From the line that contains "Palladium botte et" to the end of the entries, copy each line exactly, though the pictures stay out.

[Extracted records]
◇ ◇ ◇
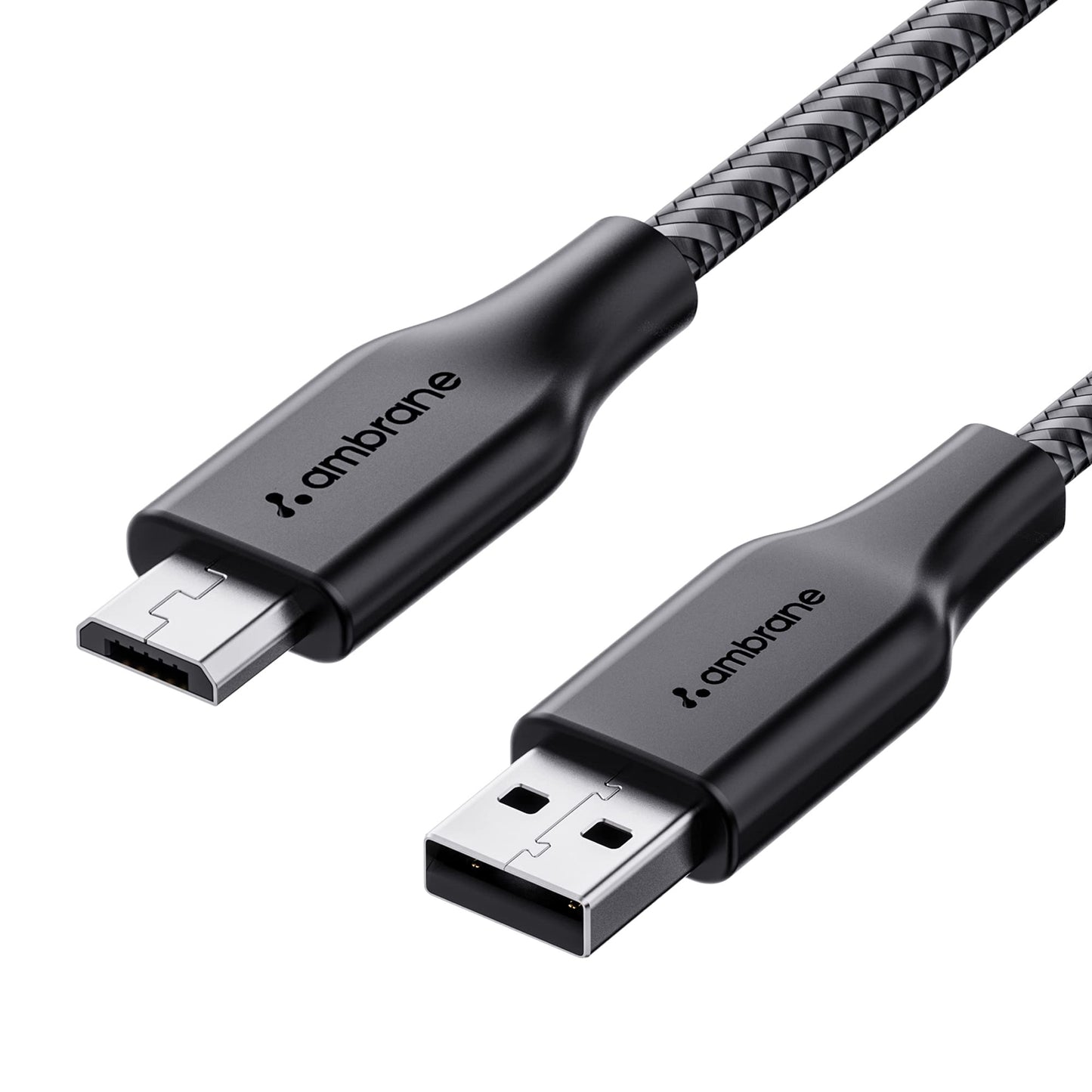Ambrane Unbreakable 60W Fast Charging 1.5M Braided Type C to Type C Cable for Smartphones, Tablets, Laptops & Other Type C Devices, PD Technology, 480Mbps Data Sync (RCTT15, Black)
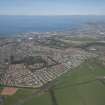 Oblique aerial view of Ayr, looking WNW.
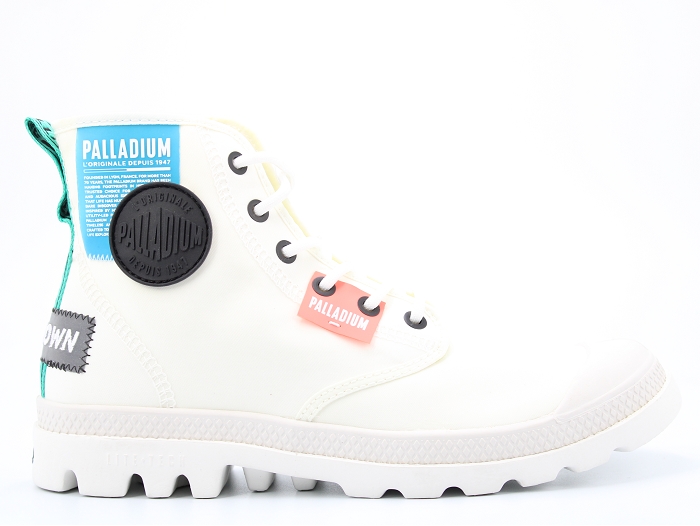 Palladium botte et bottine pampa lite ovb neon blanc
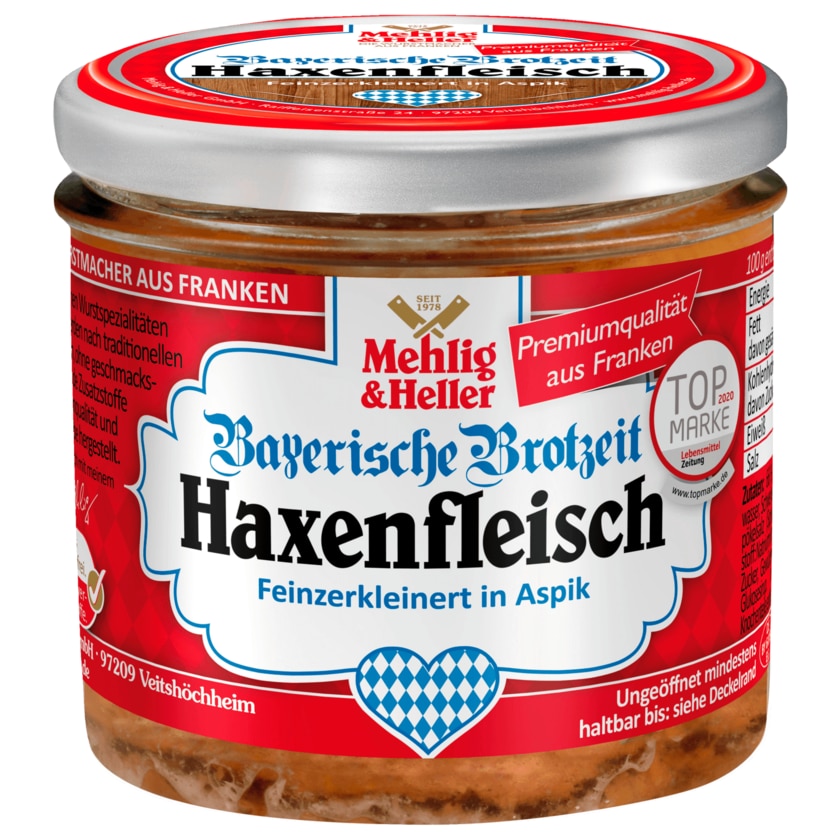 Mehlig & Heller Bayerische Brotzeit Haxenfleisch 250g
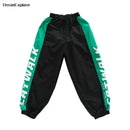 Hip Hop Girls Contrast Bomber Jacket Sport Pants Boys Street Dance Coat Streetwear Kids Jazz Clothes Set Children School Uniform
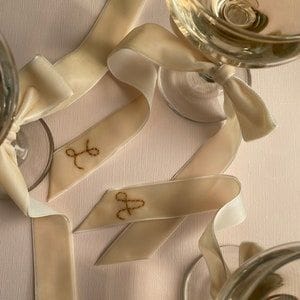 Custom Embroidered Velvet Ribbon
◇ ◇ ◇
* _Answer area_
 Palladium botte et bottine pampa lite ovb neon blanc
 Mehlig & Heller Bayerische Brotzeit Haxenfleisch 250g
 Hip Hop Girls Contrast Bomber Jacket Sport Pants Boys Street Dance Coat Streetwear Kids Jazz Clothes Set Children School Uniform
 Custom Embroidered Velvet Ribbon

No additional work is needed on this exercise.